- _AVAILABLE RECORDS_

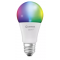 Ledvance Żarówka LED SMART+, trzonek E27, A60, 9W, 806lm, RGB+CCT, Tunable White, ściemnialna, ze sterowaniem WiFi Kod 4058075485396 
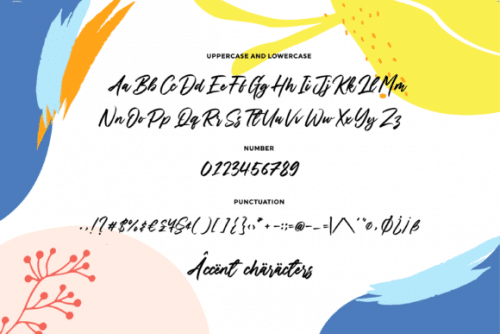 Daily Planet Script Font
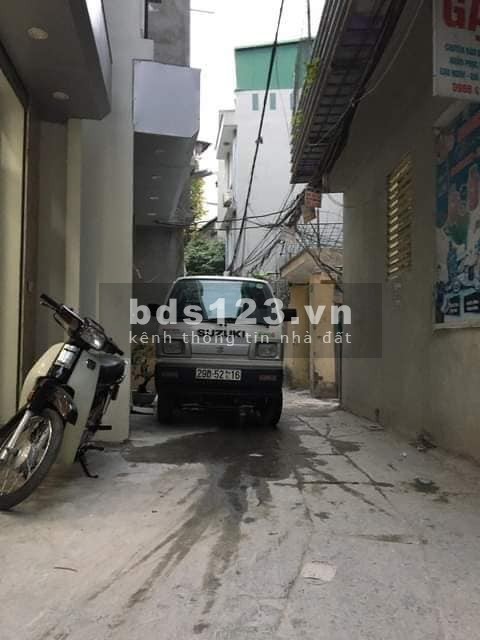 Hoa hậu Hoàng Mai, nhà đẹp, ngõ ô tô, kinh doanh nhỏ, an ninh tốt DT 35m2 nhỉnh 3 tỷ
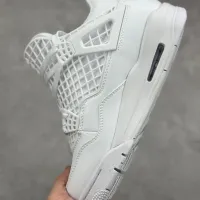 $108.00 USD Air Jordan 4 IV Retro For Women #1441597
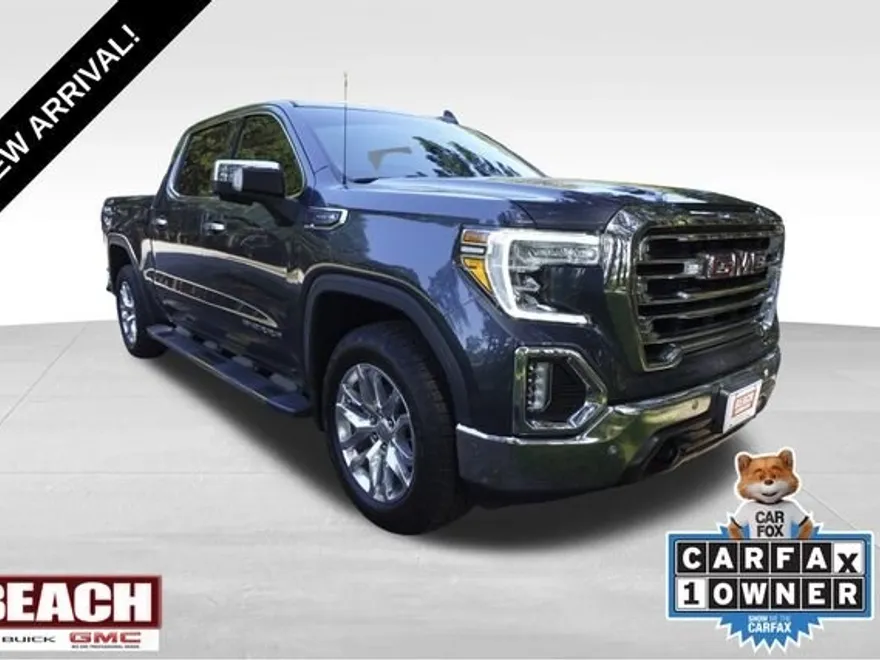 2021 Gmc Sierra 1500 SLT photo 1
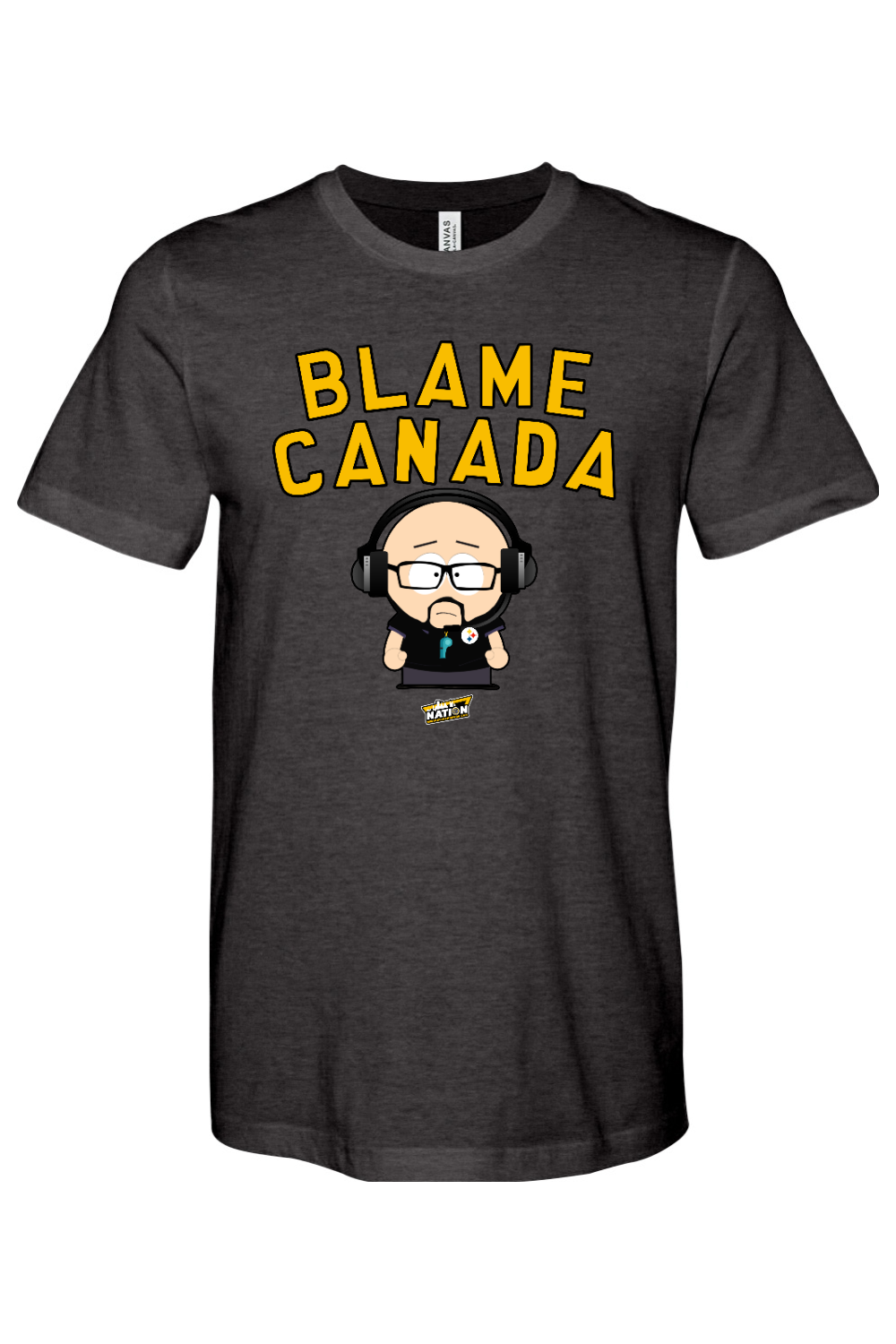Blame Canada - Yinzylvania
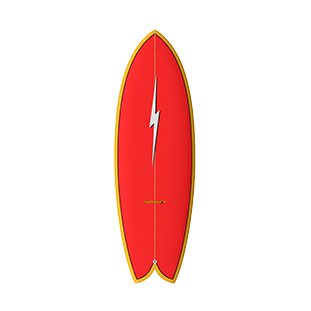 6 8 Bolt Classic Single Fin – Heritage Redefined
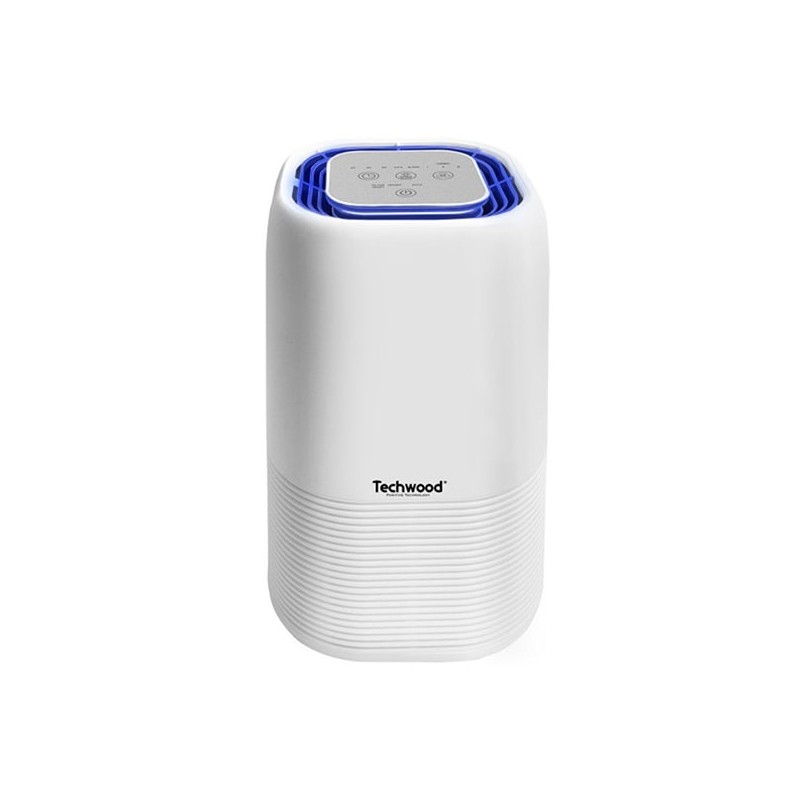 prix PURIFICATEUR D'AIR TECHWOOD TPUA-100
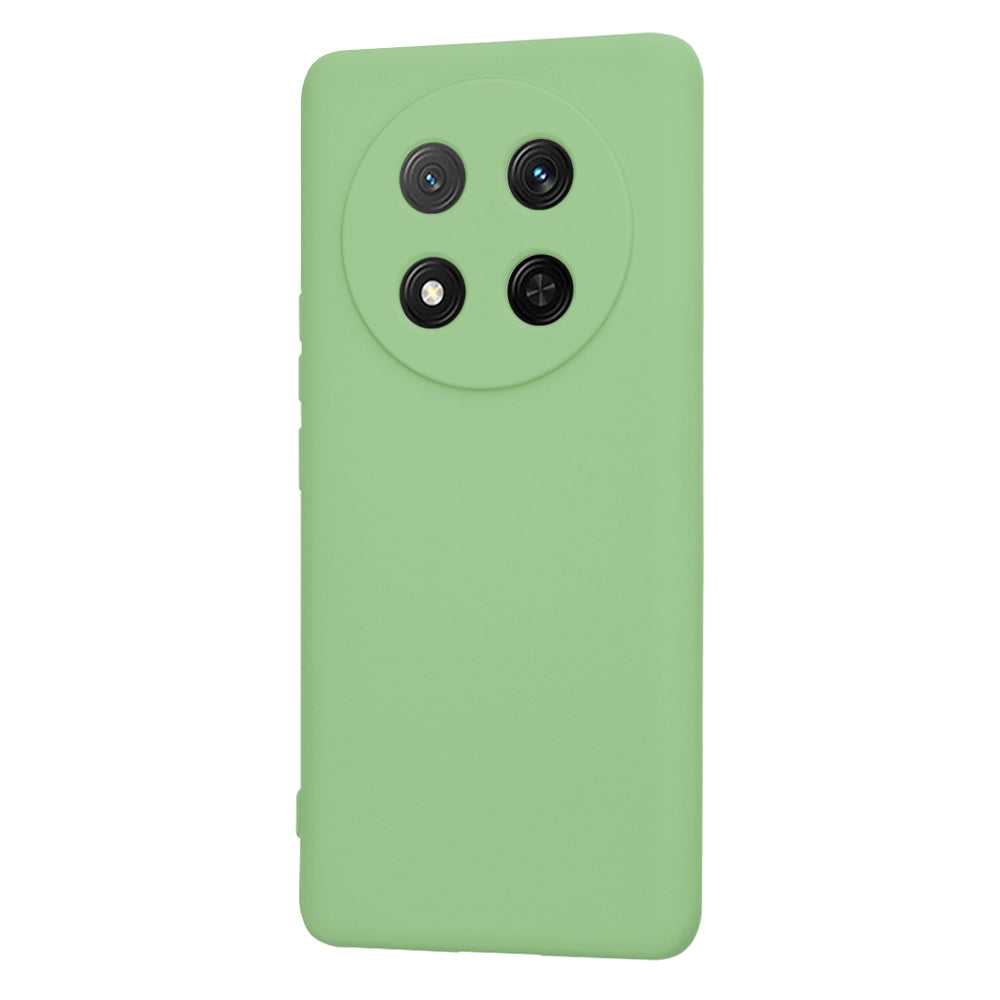 Funda para Honor X9c / Magic7 Lite, Techsuit, SoftFlex, Verde Claro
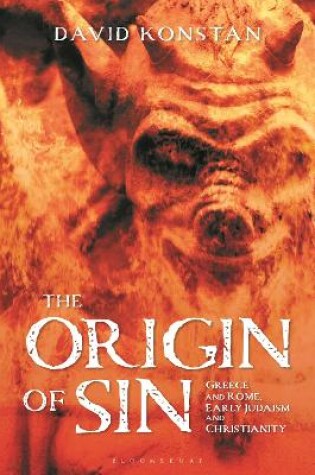 Cover of The Origin of Sin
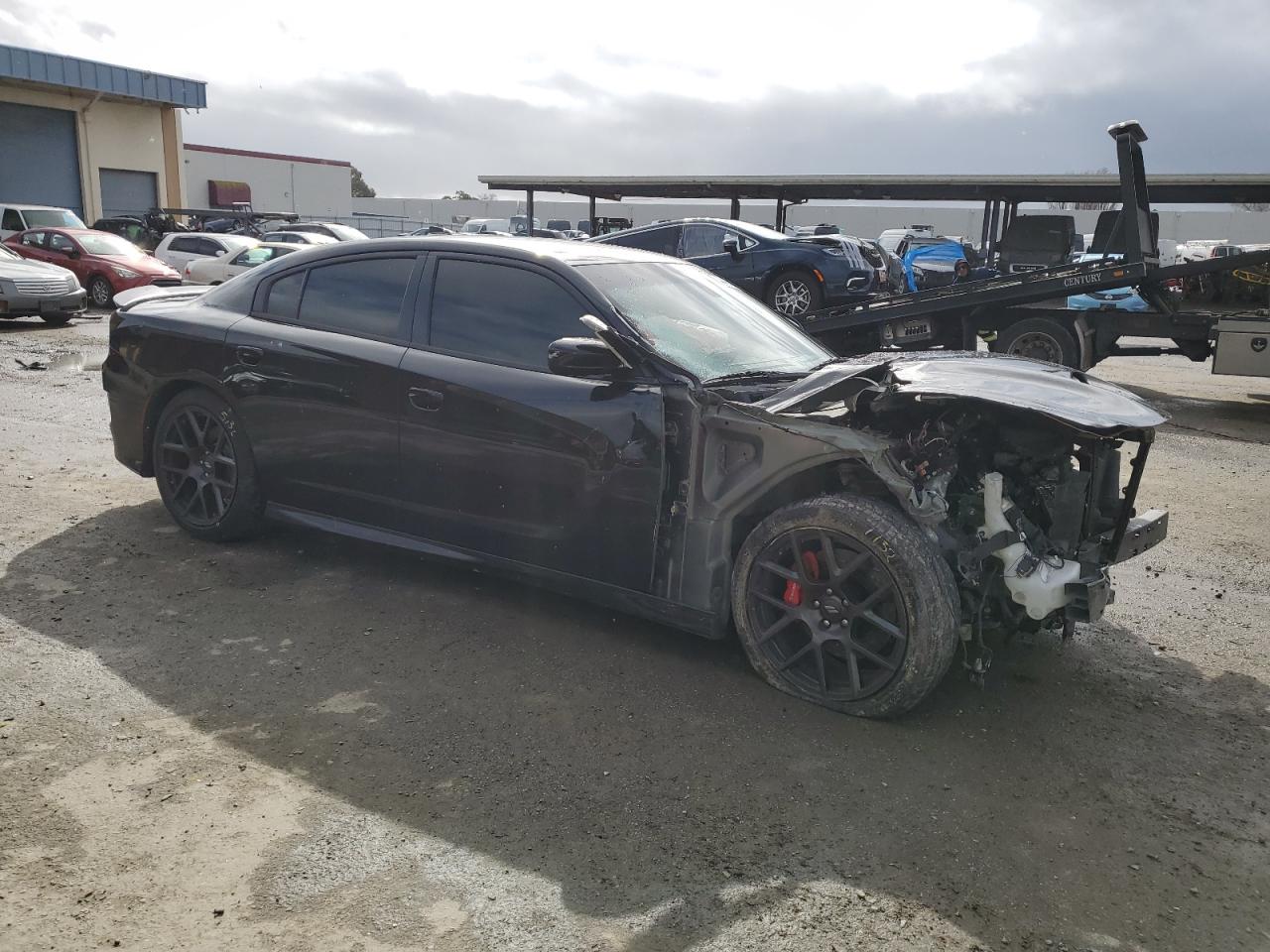 2017 Dodge Charger - Image 4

- _EXERCISE REQUIREMENTS_
Leave the pictures out and repeat exactly the lines from the beginning of the records to the line bearing "prix PURIFICATEUR D'AIR TECHWOOD TPUA-100", both ends counted.

- _WORKED SOLUTION_
 Ledvance Żarówka LED SMART+, trzonek E27, A60, 9W, 806lm, RGB+CCT, Tunable White, ściemnialna, ze sterowaniem WiFi Kod 4058075485396 
 Daily Planet Script Font
 Hoa hậu Hoàng Mai, nhà đẹp, ngõ ô tô, kinh doanh nhỏ, an ninh tốt DT 35m2 nhỉnh 3 tỷ
 $108.00 USD Air Jordan 4 IV Retro For Women #1441597
 2021 Gmc Sierra 1500 SLT photo 1
Blame Canada - Yinzylvania
 6 8 Bolt Classic Single Fin – Heritage Redefined
 prix PURIFICATEUR D'AIR TECHWOOD TPUA-100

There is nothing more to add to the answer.